Hoje, como sempre, a cultura de um país valoriza-se a cada novo membro que acolhe. Para o povo português, esta é uma verdade com mais de cinco séculos de vida. A era dos Grandes Descobrimentos já lá vai, pelo menos a que é contada nos sonetos de Camões, com naus e caravelas como pano de fundo. Atualmente, a grande jornada é interior. Que identidade é a nossa?

Embora só tenha saído de Angola aos 18 anos para estudar na Faculdade de Ciências Sociais e Humanas da Universidade Nova de Lisboa, Portugal era já para Aline Frazão [na foto] “uma segunda casa”. Deslocou-se para a capital portuguesa por reconhecer-lhe uma “aura de mistura cultural”, já familiar pelas suas origens fundadas um pouco por toda a comunidade lusófona – não só Angola e Portugal, mas também Brasil e Cabo Verde.

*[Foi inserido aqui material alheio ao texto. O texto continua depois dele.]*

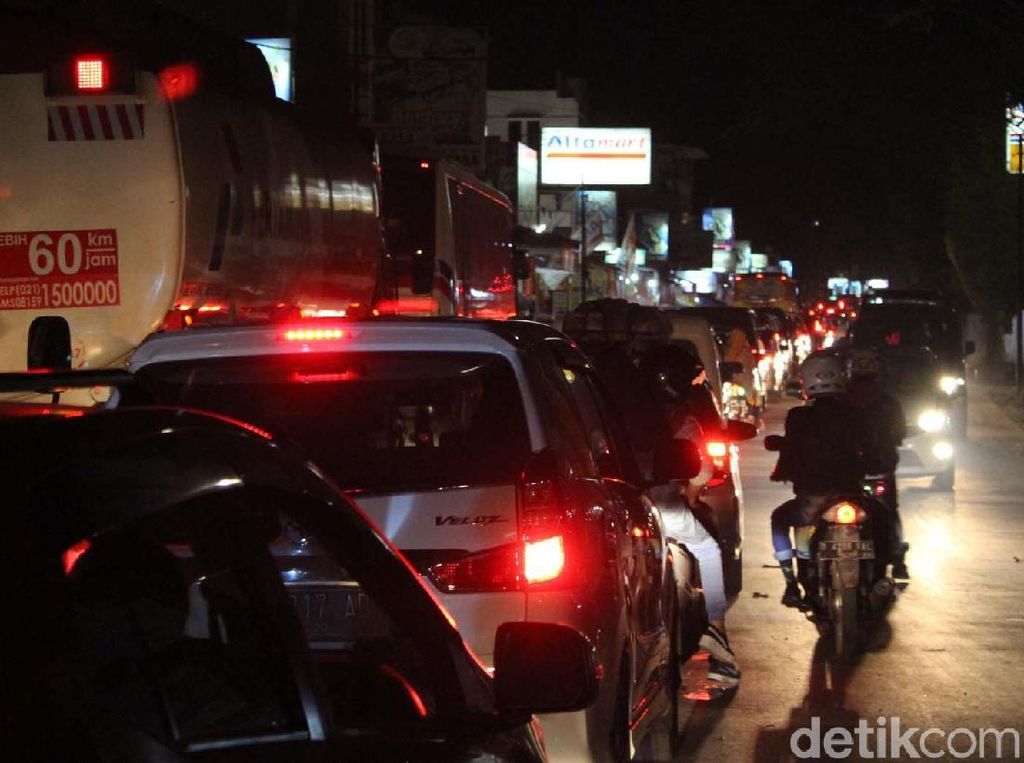 Cuti Bersama dan Pencairan THR Mepet Lebaran Sumbang Kemacetan Mudik Cuti Bersama dan Pencairan THR Mepet Lebaran Sumbang Kemacetan Mudik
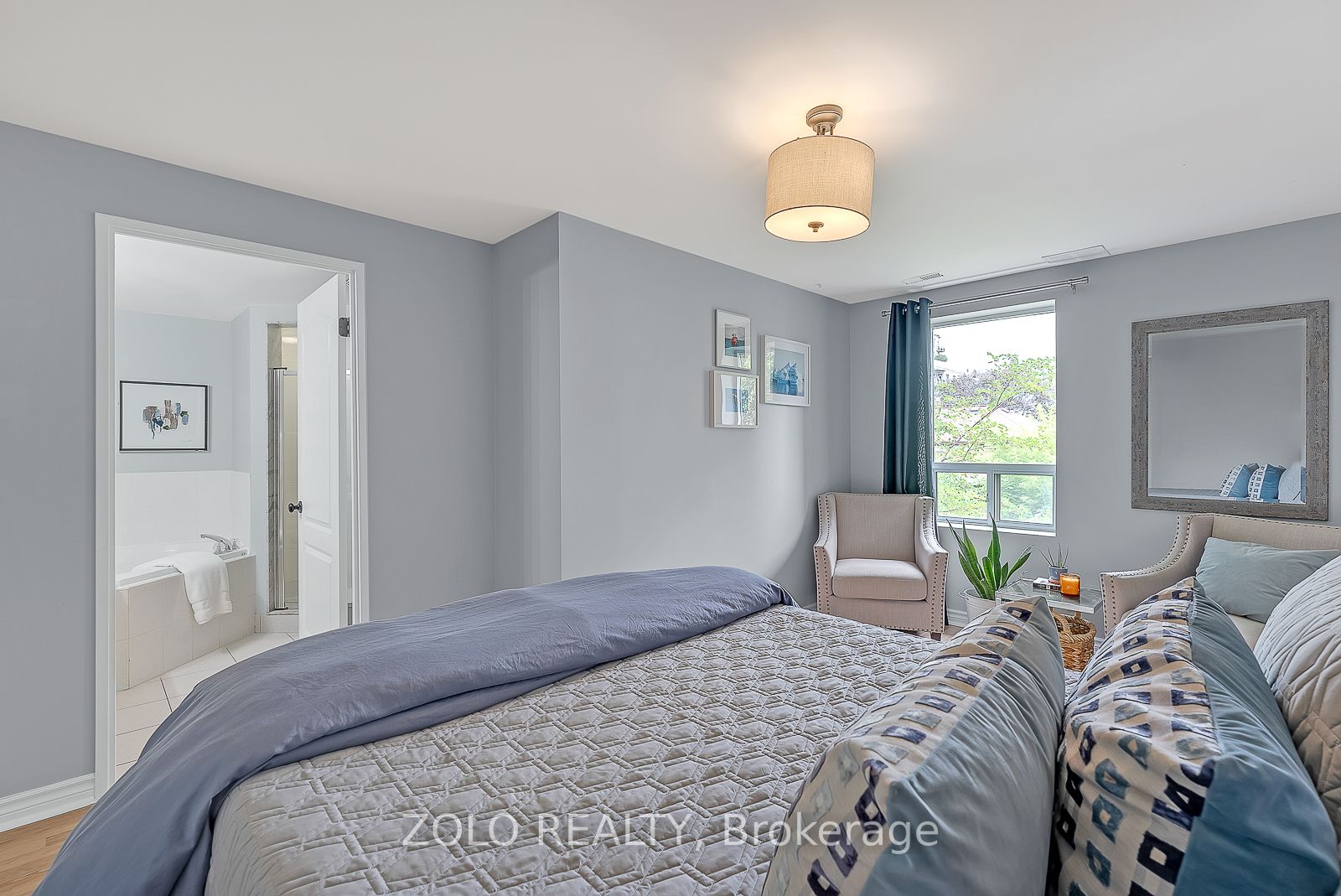 9 Greenbriar Rd, #210
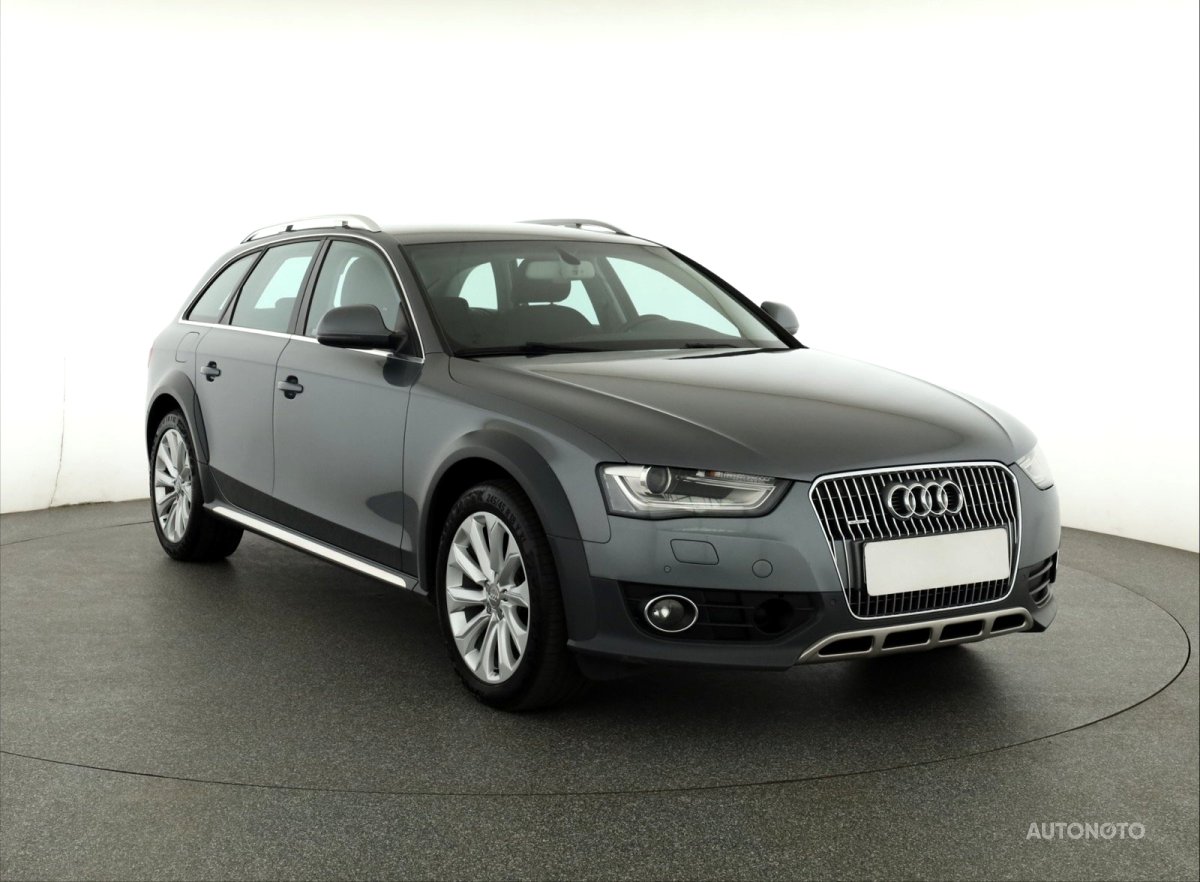 Audi A4 Allroad, 2013 - celkový pohled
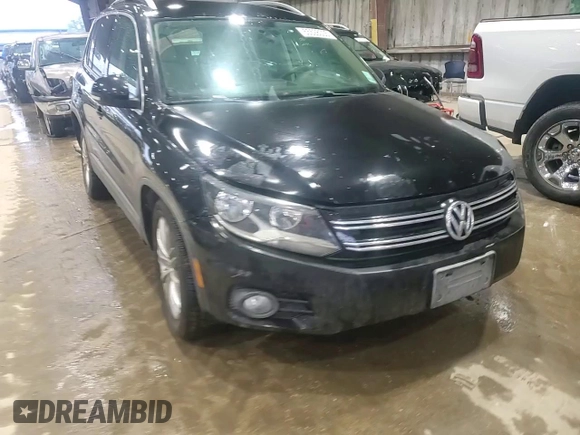 2012 Volkswagen Tiguan SE z VIN WVGAV7AX5CW536238, wystawiony jako Copart lot #55528005 z przebiegiem 127 732 mil mil oraz Szkody całkowita. Historia ofert i sprzedaży dostępna na DreamBid. Obrazek 15.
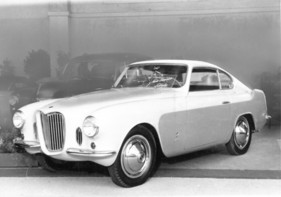 Singer SM (1953) - mit Karosserie gezeichnet von Michelotti, gebaut von Ghia Aigle - am Automobilsalon in Genf 1953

Agora com 22 anos, já se sente mais à vontade sendo, simultaneamente, uma cidadã do mundo e uma filha da lusofonia: “Hoje vejo como natural que a minha identidade angolana seja ao mesmo tempo africana, ao mesmo tempo lusófona, ao mesmo tempo cidadã deste mundo. Mas creio que, para que seja mais real essa identidade lusófona em que falamos, deve existir uma comunicação mais autêntica entre as várias comunidades”.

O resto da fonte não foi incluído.